In particular, section 32 imposes liability on municipal officials and political office bearers, and creates an obligation on municipalities to recover money that through expenditure that was either unauthorised, irregular, or fruitless and wasteful (the “unsecure expenditure”). Each of these three categories has its own definition and thresholds (mainly centred around intention and negligence) and, to prevent rigidity and strict liability, has its own processes for condonation.
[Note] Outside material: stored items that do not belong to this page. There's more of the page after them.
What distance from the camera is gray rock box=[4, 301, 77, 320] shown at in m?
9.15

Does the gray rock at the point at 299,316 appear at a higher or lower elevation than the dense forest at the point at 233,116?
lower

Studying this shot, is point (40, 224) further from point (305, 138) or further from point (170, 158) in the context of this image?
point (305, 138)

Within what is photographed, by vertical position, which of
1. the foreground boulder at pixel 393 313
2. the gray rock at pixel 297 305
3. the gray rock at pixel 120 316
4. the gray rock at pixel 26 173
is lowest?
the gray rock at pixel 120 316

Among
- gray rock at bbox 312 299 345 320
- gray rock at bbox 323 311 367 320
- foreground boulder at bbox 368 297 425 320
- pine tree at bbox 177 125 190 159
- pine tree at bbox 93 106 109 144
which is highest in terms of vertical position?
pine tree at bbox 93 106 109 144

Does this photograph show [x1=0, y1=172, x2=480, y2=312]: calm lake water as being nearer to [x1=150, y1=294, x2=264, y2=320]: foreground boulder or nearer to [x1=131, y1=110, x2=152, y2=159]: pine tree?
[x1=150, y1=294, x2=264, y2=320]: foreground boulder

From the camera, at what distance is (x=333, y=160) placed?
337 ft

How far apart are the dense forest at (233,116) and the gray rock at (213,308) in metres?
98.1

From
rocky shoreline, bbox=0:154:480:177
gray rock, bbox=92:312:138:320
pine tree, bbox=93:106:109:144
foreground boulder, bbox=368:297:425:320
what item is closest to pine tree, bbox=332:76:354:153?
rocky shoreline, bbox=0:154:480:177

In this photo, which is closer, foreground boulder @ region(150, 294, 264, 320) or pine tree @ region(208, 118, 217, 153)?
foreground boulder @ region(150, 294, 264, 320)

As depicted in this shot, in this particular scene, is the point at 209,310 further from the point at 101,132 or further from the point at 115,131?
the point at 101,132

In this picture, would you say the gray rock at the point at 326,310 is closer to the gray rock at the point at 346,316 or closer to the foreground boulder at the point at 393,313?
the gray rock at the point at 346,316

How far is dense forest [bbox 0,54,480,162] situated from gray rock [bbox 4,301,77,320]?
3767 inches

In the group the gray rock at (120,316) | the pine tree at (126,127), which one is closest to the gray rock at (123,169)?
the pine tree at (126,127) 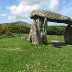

In Mbambisa and Others v Nelson Mandela Bay Metropolitan Municipality [2024] ZASCA 151, the Supreme Court of Appeal (SCA) had an opportunity to consider and interpret section 32 of the MFMA.

The case related to the liability of a number of municipal officials who were employed by the Nelson Mandela Bay Metropolitan Municipality (Municipality) under section 32 of the MFMA. They had all contributed to the appointment of a service provider in breach of the applicable legislation and in contravention of the Municipality’s supply chain management policy. As a result, the Municipality irregularly paid an amount R7,638,177.10 to an unlawfully appointed service provider. In an effort to comply with its obligations under section 32 of the MFMA and recover the money, the Municipality instituted proceedings in the High Court, whereby it sought a declaration that the appointment was unlawful and invalid and also sought monetary relief against the municipal officials and the service provider for an amount of R7,638,177.10 in terms of a claim for unjustified enrichment and a claim in delict on the basis of fraudulent misrepresentation. The High Court granted the Municipality the relief it sought and the defendants (the municipal officials and the service provider) appealed the judgment to the SCA.

SCA’s findings

The appeal centred around the correct interpretation of section 32 of the MFMA. The SCA confirmed the refined approach to interpretation that it set out in Capitec Bank Holdings Ltd and Another v Coral Lagoon Investments 194 (Pty) Ltd and Others [2021] ZASCA. In that case, the SCA held that the term “liable” in section 32 must be interpreted to include monetary liability and not just accountability in the broad sense. With respect to liability it also held that liability arises as soon as an official intentionally or negligently incurred the unsecure expenditure.

Furthermore, even though municipal officials are protected against liability to third parties for loss and damages that result from the bona fide exercise of a power or the performance of a function under section 175 of the MFMA, that does not prevent the Municipality from recovering losses or damages that have been caused by the deliberate or negligent acts of municipal official in terms of section 32 of the MFMA. The SCA held that section 32 is a self-standing provision that imposes statutory liability on municipal officials and political office bearers for unsecure expenditure.

In addition, it held that section 32 makes it mandatory for municipalities to take steps to recover any unauthorised, irregular, or fruitless and wasteful expenditure. A municipality need not establish loss or damage before it institutes recovery proceedings against liable municipal officials or political office bearers for the unsecure expenditure.

With respect to the internal condonation provisions in section 32, the SCA held that even if the expenditure is certified as being irrecoverable and is then written off by a municipal council it “is no excuse in criminal or disciplinary proceedings against the person who incurred that expenditure”.

Conclusion

The importance of this judgment is that it adds a layer of clarity in respect of the fiscal affairs of municipalities. Further, it enhances the level of accountability for municipal officials and political office bearers, who will have to think quite hard about the risks of acting in a manner that deliberately or negligently causes loss to a municipality when it comes to expenditure. At the time of publishing this alert, it was not apparent whether the judgment may be further appealed to the Constitutional Court.